Consider non-commuting variables $x_1,x_2,\dots,x_n$. For each subset $S\subseteq \{1,2,\dots, n\}$, define the following monomial: $$(-1)^lx_{s_1}x_{s_2}\dots x_{s_k}x_{t_l}x_{t_{l-1}}\dots x_{t_1},$$ where $S=\{s_1<s_2<\cdots<s_t\}$ and $\{1,2,\dots,n\}\setminus S=\{t_1<t_2<\cdots<t_l\}$.
Informally, the monomial is made by multiplying all the $x_i$'s for $i\in S$ in increasing order of indices and then the $x_i$'s for $i\not\in S$ in decreasing order of indices and multiplying the monomial by a sign depending upon the size of the set $\{1,2,\dots, n\}\setminus S$.
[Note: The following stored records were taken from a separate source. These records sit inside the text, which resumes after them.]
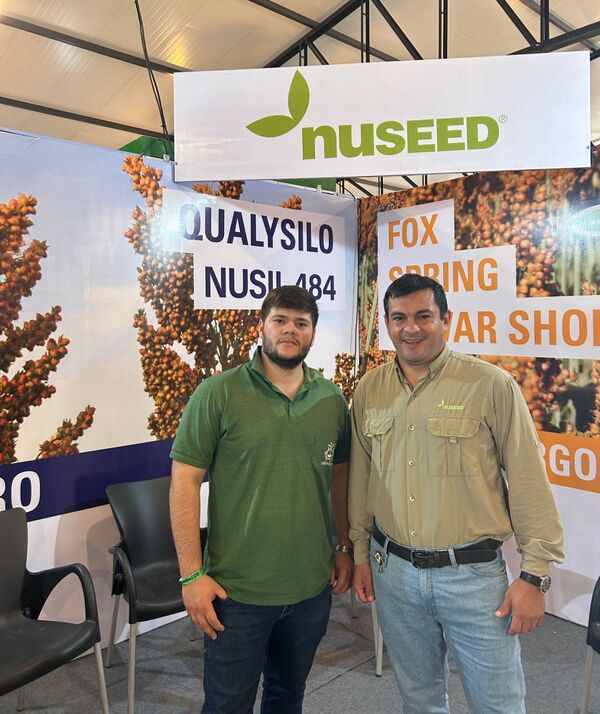Híbridos de sorgo de Nuseed tuvieron buen desempeño en año difícil
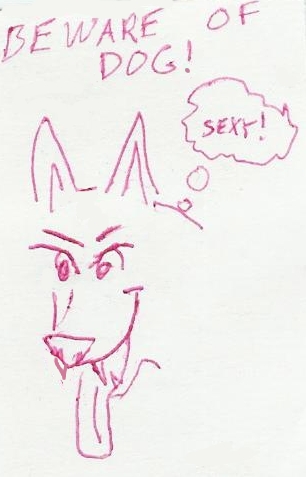 Beware of Dog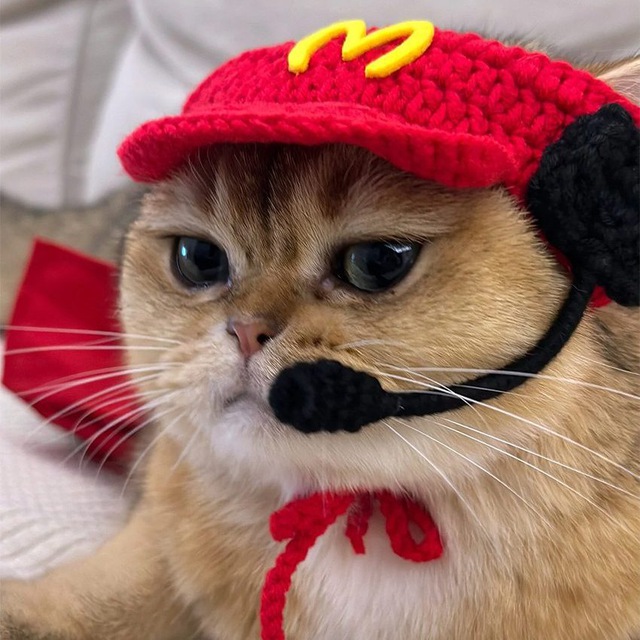 McCat tweet media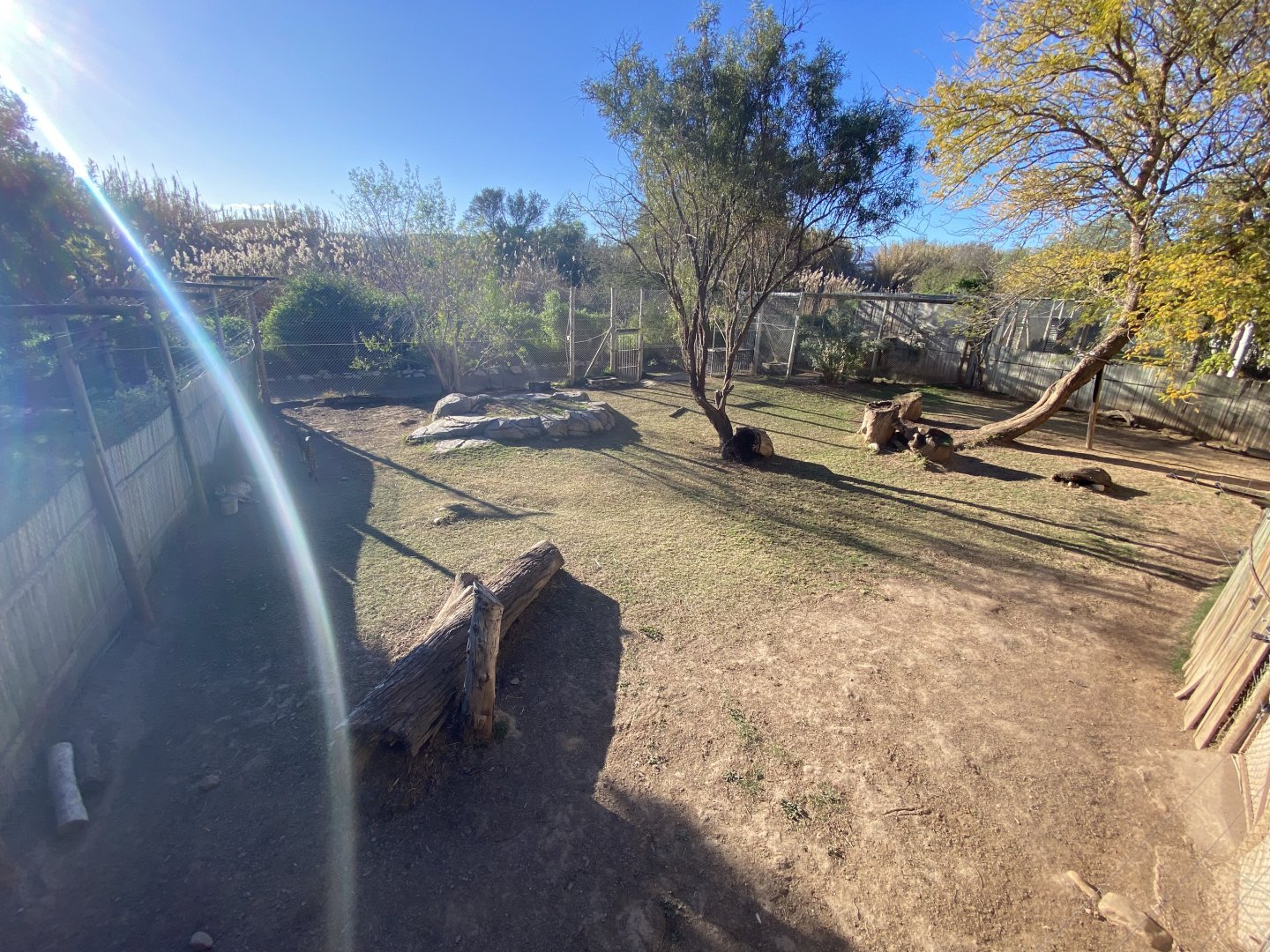 1st half to cheetah enclosure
I claim that the sum of such monomials indexed by all possible subsets $S$ of the set $\{1,2,\dots, n\}$ is zero.
For example, when $n=3$, we have the following: $$S=\phi: -x_3x_2x_1$$ $$S=\{1\}: x_1x_3x_2$$ $$S=\{2\}: x_2x_3x_1$$ $$S=\{3\}: x_3x_2x_1$$ $$S=\{1,2\}:-x_1x_2x_3$$ $$S=\{1,3\}:-x_1x_3x_2$$ $$S=\{2,3\}:-x_2x_3x_1$$ $$S=\{1,2,3\}:x_1x_2x_3$$ Then, we can see that the sum is indeed zero.
I know two ways of proving this. One is a proof by induction on $n$ which is quite short and straightforward, but isn't really that illuminating and interesting. Another is a high-tech proof which is by using properties of Hopf algebras: One can think of these non-commuting variables to be generators of a free algebra, and then, the above sum of monomials reduces to one of the defining axioms of Hopf algebras relating the antipode to the multiplication and the comultiplication.
But really, this seems like a combinatorial statement and it would be nice to have some kind of bijection/counting argument to show why this sum is zero.
I'll use the same notations as you. For each $S=\{s_1,\dots,s_t\}$, you can define $S'$ by either $S':=S\cup \{n\}$ if $n\not\in S$ or $S':= S\setminus \{n\}$ if $n\in S$.
Then $S\mapsto S'$ is a bijection on $\mathcal{P}(\{1,\dots,n\})$ (indeed, $S''=S$), and the monomials corresponding to $S$ and $S'$ cancel each other (they have opposite signs). Therefore the whole sum is zero.